Skip to content

Conversation

@Rexicon226
Copy link
Contributor

@Rexicon226 Rexicon226 commented Dec 22, 2023

this fixes #2984

this adds a is_autotranslated flag to std.zig.Ast as well as std.zig.Parser. my solution is to create a keyword that only exists in the parser, which when seen updates the flag. the main error logic is handled inside of AstGen, so that if need be, this can be used for other things that might be constrained by an auto generated file. i intentionally do not add the token to the node list for 2 important reasons. first, it has no actual meaning in the code and is simply a "metadata" tag. second, it would mess up a lot of logic that relies on optimizing empty structs, and other checks. it simply makes no sense to spend the time on processing something that gives nothing.

note that the wasm blob needed to be updated because of this syntax affecting stage1

TODO:

  • Fix formatter to correctly ignore the token.
  • Look into doc-gen and why it uses c pointers.
  • Look into some stdlib c pointers to decide if they are truly needed.
outdated, initial message, to give context to mlugg's reply

first,
the solution is a bit strange, but i believe it's the cleanest one. the main problem i faced when implementing this was that making this a "full" token, and appending it to the list would trip a lot of different decls.len == 0 type logic. could i have created special cases for those comparisons, yes. but that would have been a bit unclean and required more code change. i dont see this as a real token, i just think of it as a file descriptor.

second,
you may notice that this error is turned off inside of test blocks. this was not a requirement of the issue, however i see no other way around this. either we could update 500 files with the token, or just let c pointers exist inside of test blocks. there is no other usage for c pointers in my opinion other than for testing.

third,
all of the stdlib changes you see, i simply moved [*c] to [*]. this is possibly not the correct solution, however i just dont know that specific code to tell. please tell me if there is something else that should be used.

i believe this pr is a move forward in the right direction. it's a big breaking change, and is something that should be thought through very carefully, so take your time.

any feedback is very welcome, i only felt confident enough to pr this once the testing suite completed on my machine completed.

(you may notice my shift key is a bit dead)

@mlugg
Copy link
Member

mlugg commented Dec 22, 2023

I haven't looked through the diff properly, but here are some comments at a glance.

  • The error here has been implemented in the parser. That's not ideal, because it blocks later compilation errors. Instead, this check should live in AstGen. This allows other AstGen errors to be caught at the same time, and in future, may allow some Sema errors to be identified too. (The presence of the keyword should simply set a flag on Ast.)

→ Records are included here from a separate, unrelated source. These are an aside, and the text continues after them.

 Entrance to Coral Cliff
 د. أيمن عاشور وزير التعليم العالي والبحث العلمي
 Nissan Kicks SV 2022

  • Turning this error off within test blocks does not make sense. Tests are completely normal Zig code, and should not be treated any differently - the reasons we wish to avoid C pointers in general Zig code still apply just as well within test blocks.

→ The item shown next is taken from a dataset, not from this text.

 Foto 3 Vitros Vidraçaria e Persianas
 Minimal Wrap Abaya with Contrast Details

    either we could update 500 files with the token, or just let c pointers exist inside of test blocks.

    Then we should update the 500 files with the token. Just because a task is tedious doesn't mean we should just implement a strange rule in the language to work around having to do it.

    there is no other usage for c pointers in my opinion other than for testing.

    To reiterate: C pointers have no more use in tests than they do anywhere else in the language. Any usage of them in user code (aside from Zig behavior tests which are testing C pointers) is incorrect.

  • Regarding the following point:

    all of the stdlib changes you see, i simply moved [*c] to [*]. this is possibly not the correct solution [...]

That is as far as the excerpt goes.